• **What is expected**
Starting at the line with "indigo et turquoise", retype every remaining line of the records exactly. Do not include pictures.
++++ Input data ++++
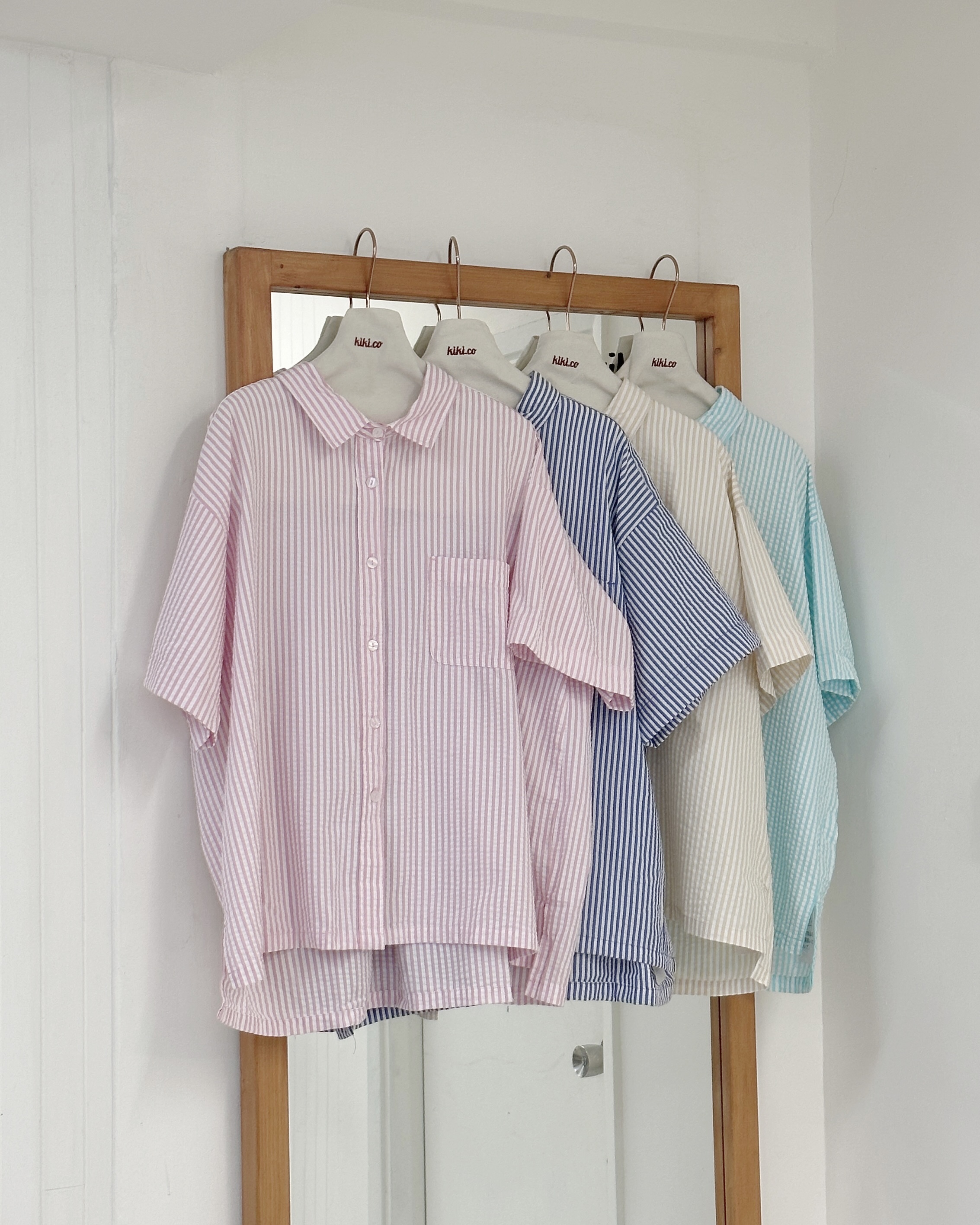 凹凸直紋口袋寬版恤衫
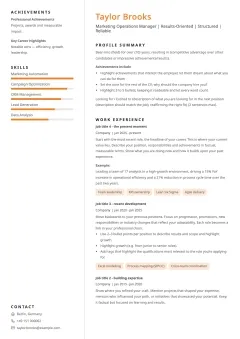 Clean resume template example with a white background, subtle sidebar, and orange accent highlights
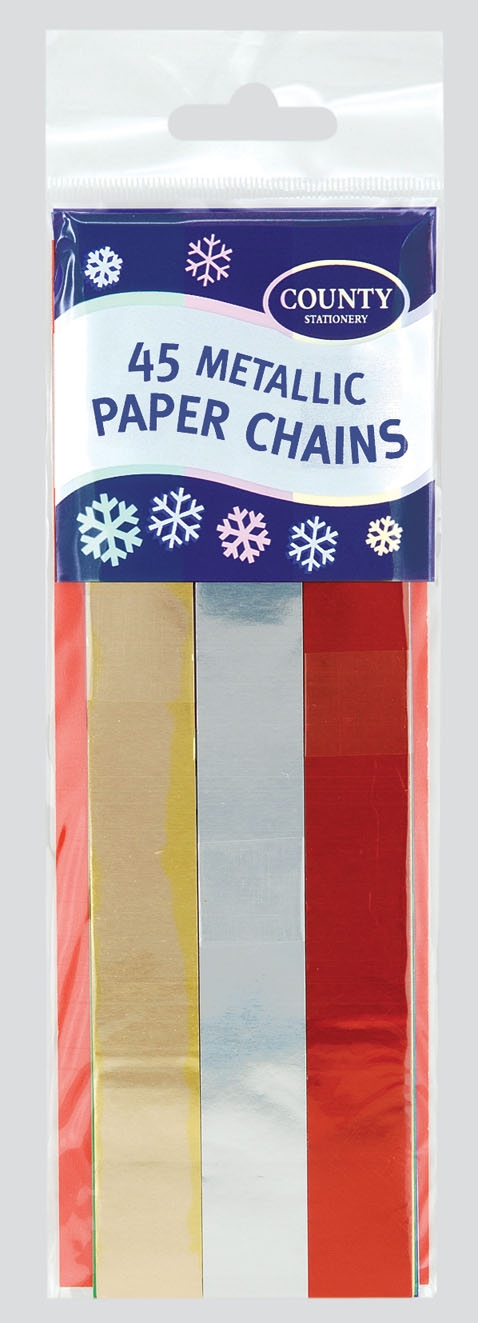 PAPER CHAINS,Asst Col Metallic S/Adh,45`s H/pk CDU(Was 0.99) [Packs Only]
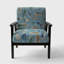 «Hadiyaah - Fauteuil rembourré à motif floral plumes indigo et turquoise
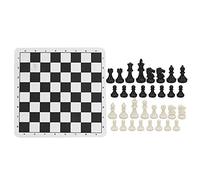 Funien International Standard Chess Set Durable Plastic Chess Game with Chessboard for Logical Thinking and Problem-Solving Ideal for Kids and Adults Black White 9.5x9.5in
++++
• **Completed task**
 «Hadiyaah - Fauteuil rembourré à motif floral plumes indigo et turquoise
 Funien International Standard Chess Set Durable Plastic Chess Game with Chessboard for Logical Thinking and Problem-Solving Ideal for Kids and Adults Black White 9.5x9.5in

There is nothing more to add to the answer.